Indiana Senator Doubts Biden’s 2024 Revenue Projection

Indiana Senator Doubts Biden’s 2024 Revenue Projection
Sen. Mike Braun (R-Ind.) speaks during a Senate Special Committee of Aging hearing on “The COVID-19 Pandemic and Seniors: A Look at Racial Health Disparities” at the Capitol in Washington, on July 21, 2020. (Samuel Corum/Getty Images)
Lawrence Wilson
3/15/2023
Updated:
3/15/2023
0:00

President Joe Biden’s 2024 budget proposal assumes that government income will be 19.6 percent of the country’s gross domestic product (GDP), a figure Sen. Mike Braun (R-Ind.) found hard to believe, saying the country has never generated more than 17.5 percent over 50 years and suggesting the administration was “being dishonest with the American public.”

Shalanda D. Young, director of the White House Office of Management and Budget, brought up the income projection during testimony before the Senate Committee on the Budget on March 15.

Committee Chairman Sheldon Whitehouse (D-R.I.) had said the nation has operated on a balanced budget only when tax revenue was 19 to 20 percent of GDP.

He then asked Young for the president’s revenue projection in the 2024 budget proposal.

“On average, the President’s policies would bring in about 19.6 percent [in tax revenue] as a percentage of GDP. And that’s right in line with where tax revenue was under President [Bill] Clinton,” Young said, referring to the last administration that achieved a balanced budget.

Office of Management and Budget acting director Shalanda Young answers questions during a Senate Budget Committee hearing in Washington, on June 8, 2021. (Greg Nash-Pool/Getty Images)
Office of Management and Budget acting director Shalanda Young answers questions during a Senate Budget Committee hearing in Washington, on June 8, 2021. (Greg Nash-Pool/Getty Images)

“You also saw economic growth. And frankly, the investments we make here today are about growing the economy. We want more people in the workforce,” Young said, referencing funds budgeted to increase access to childcare.

Braun reacted with disbelief at the projected income percentage.

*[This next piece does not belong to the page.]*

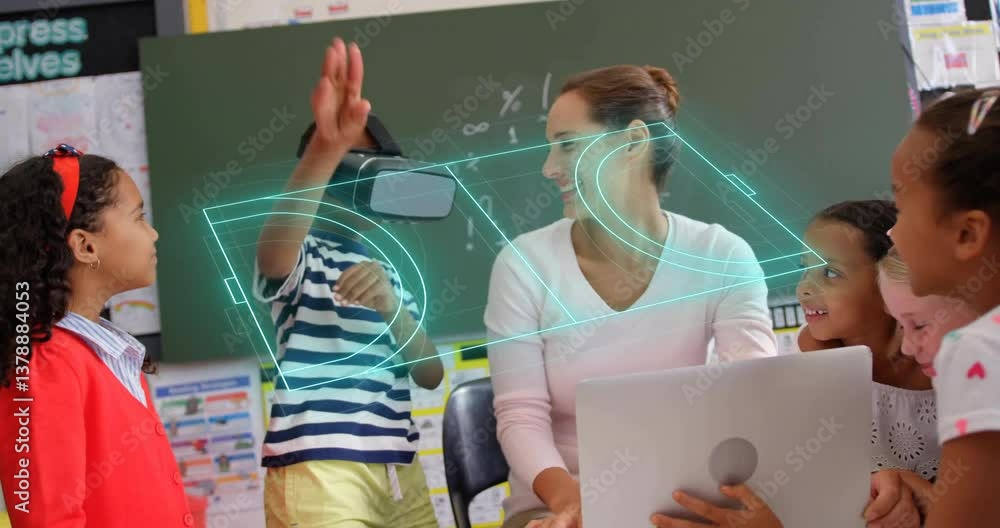 Poster children and teacher interacting with virtual reality animation in classroom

“Good luck with it because [the country has] never generated more than 17.5 percent in tax revenues as a percentage of our GDP over 50 years. Therefore, I think you’re being dishonest with the American public,” Baun said.

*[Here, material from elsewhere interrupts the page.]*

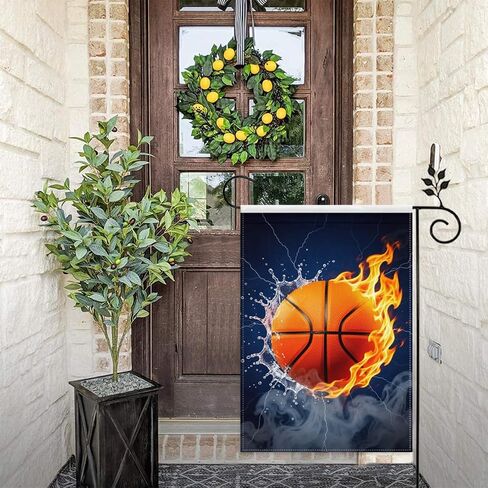 Fire Basketball Garden Flag 12x18 Inch Double Sided – Water Splash & Lightning Outdoor Yard Decoration for Sports Fans， Lawn & Patio in Kuwait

The senator traced the country’s “migration into heavy debt” over the last two decades, citing statistics he called “astounding.”

The national debt was about $5 trillion and grew, in part due to the wars in Iraq and Afghanistan, to $18 trillion by 2018. “We’ve now institutionalized trillion-dollar deficits annually,” Braun said.

“In a little over four years, we’ve gone from $18 trillion to $31 trillion in debt. And then a “Blueprint for Success” in this country puts us $51 trillion in debt by 2033. I don’t know how that can be sold to the American public as a sustainable, healthy business plan,” Braun said.

Addressing Young, Braun said, “You’re assuming all of a sudden we can raise 19 to 20 percent [of GDP] in revenues when historically, over 50 years, it’s been 17.5 percent,” Braun said.

“For a few years back in the Clinton administration, we did raise close to that. But you’re assuming that we can do that going further.”

Increasing taxation and spending above historic norms would be unwise, according to Braun.

“When [revenue as a percentage of GDP] is above historical levels, it always comes with the price of lower economic activity,” he said, adding that government spending of 24 to 25 percent of GDP would be unsustainable.